START MATERIAL FOR THE TASK

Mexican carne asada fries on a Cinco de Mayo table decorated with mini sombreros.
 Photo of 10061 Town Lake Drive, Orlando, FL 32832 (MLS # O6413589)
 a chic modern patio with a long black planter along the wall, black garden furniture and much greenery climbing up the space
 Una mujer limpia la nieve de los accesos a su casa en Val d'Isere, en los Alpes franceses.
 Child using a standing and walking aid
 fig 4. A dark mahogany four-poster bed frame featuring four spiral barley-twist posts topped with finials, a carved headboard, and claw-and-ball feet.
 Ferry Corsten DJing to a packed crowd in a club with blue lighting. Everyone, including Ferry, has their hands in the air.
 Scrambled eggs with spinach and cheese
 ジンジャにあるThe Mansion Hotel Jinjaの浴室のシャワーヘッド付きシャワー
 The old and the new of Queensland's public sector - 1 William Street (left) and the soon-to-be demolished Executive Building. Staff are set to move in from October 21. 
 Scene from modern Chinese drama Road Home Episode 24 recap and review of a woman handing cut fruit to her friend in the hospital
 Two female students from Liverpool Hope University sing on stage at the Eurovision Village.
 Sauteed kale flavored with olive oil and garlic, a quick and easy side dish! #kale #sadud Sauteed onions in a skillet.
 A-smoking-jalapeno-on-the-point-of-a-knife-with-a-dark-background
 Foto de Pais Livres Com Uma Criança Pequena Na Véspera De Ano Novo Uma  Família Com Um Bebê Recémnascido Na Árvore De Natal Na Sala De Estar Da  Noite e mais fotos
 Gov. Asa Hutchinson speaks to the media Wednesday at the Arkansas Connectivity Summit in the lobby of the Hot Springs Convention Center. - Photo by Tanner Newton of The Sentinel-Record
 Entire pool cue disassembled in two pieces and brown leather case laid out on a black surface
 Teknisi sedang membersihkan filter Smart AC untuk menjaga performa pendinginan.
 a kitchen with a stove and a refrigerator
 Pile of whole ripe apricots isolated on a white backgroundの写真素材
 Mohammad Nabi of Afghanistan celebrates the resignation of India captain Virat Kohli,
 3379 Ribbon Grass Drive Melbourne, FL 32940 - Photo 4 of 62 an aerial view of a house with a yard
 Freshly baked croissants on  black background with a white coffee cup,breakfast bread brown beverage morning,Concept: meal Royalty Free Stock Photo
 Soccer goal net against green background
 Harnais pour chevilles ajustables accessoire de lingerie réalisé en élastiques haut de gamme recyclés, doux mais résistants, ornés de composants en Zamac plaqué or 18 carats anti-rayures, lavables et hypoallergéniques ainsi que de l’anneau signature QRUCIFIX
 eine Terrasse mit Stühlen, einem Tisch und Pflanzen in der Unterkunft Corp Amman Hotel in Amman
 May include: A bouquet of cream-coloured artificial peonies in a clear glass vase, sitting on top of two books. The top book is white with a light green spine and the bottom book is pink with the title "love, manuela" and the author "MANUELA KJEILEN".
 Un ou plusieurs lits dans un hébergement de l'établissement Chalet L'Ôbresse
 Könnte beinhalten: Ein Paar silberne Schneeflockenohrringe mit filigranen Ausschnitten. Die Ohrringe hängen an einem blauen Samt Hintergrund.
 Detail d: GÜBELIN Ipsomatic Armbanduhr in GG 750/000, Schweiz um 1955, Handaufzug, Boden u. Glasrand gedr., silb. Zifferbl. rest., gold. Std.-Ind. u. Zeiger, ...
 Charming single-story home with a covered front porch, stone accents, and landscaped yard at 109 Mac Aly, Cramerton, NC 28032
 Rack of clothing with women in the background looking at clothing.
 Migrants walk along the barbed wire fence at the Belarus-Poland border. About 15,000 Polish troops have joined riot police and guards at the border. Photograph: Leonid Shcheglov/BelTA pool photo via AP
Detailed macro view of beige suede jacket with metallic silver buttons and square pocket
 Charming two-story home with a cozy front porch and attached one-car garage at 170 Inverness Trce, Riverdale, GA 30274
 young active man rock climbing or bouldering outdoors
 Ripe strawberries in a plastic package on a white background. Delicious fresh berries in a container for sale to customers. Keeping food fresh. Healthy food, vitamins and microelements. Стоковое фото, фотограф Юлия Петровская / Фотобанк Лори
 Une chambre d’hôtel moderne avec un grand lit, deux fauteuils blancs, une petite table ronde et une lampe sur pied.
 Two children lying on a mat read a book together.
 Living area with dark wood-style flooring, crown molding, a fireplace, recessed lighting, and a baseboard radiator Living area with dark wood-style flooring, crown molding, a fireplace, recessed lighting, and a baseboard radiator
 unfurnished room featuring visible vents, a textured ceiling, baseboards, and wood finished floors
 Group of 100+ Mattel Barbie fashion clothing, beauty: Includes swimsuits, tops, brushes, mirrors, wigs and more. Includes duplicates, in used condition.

END MATERIAL FOR THE TASK

» **WORK REQUEST**
In the material above, please find every line that includes the word "featuring" and copy it.

» **PROBLEM SOLUTION**
 fig 4. A dark mahogany four-poster bed frame featuring four spiral barley-twist posts topped with finials, a carved headboard, and claw-and-ball feet.
 unfurnished room featuring visible vents, a textured ceiling, baseboards, and wood finished floors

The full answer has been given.